Todos creemos estar en posesión de la verdad. Existe un modo de entender el
cristianismo que es inquisitorial, agresivo, contra la caridad. El cristianismo
es afirmación, no negación. Es abrazo, no hoguera.”
Entonces
el problema es otro al meramente litúrgico, aunque no sobra precisar que su
pregunta (aquélla sobre porqué aferrarse a la liturgia del siglo XIX y no la
del VII), es ejemplo de estupidez: En el siglo XIX no hubo innovaciones o
reformas a destacar del Misal de San Pío V (1570), misal que además, sólo se
basó en lo forjado en la Tradición, siglo VII incluido. En cuando la oficiosa
apología del Concilio Vaticano II, Fortea ignora la diferencia entre lo
substancial (que es la Doctrina) y lo accidental (esa otra forma de mirar).
Al
final, el nacido en Barbastro es quien absolutiza lo relativo, pues en
realidad, es bastante simplona su dicotomía entre posconciliares de mente
abierta y lo que él califica como integristas.
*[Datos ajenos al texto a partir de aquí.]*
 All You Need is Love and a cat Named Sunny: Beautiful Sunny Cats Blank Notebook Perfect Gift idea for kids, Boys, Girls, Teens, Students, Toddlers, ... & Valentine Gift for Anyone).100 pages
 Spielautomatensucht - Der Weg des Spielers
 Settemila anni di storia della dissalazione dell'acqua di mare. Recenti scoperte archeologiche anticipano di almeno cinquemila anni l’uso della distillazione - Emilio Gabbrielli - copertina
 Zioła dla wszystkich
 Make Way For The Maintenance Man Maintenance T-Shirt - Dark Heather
Fortea, cree que la fidelidad a
la doctrina es algo soberbio y antipático, actitud que en el presente pontificado,
ha sido predominante. ¿Acaso la Verdad muta a contentillo? Para este clérigo,
hoy incardinado en Madrid, no vendría mal que tuviese presente la precisión que
ha hecho el arzobispo Stanislaw Gadecki, de Poznań,
presidente de la Conferencia Episcopal de Polonia: En la Iglesia hay quienes
son fieles o infieles al Magisterio, y nada más.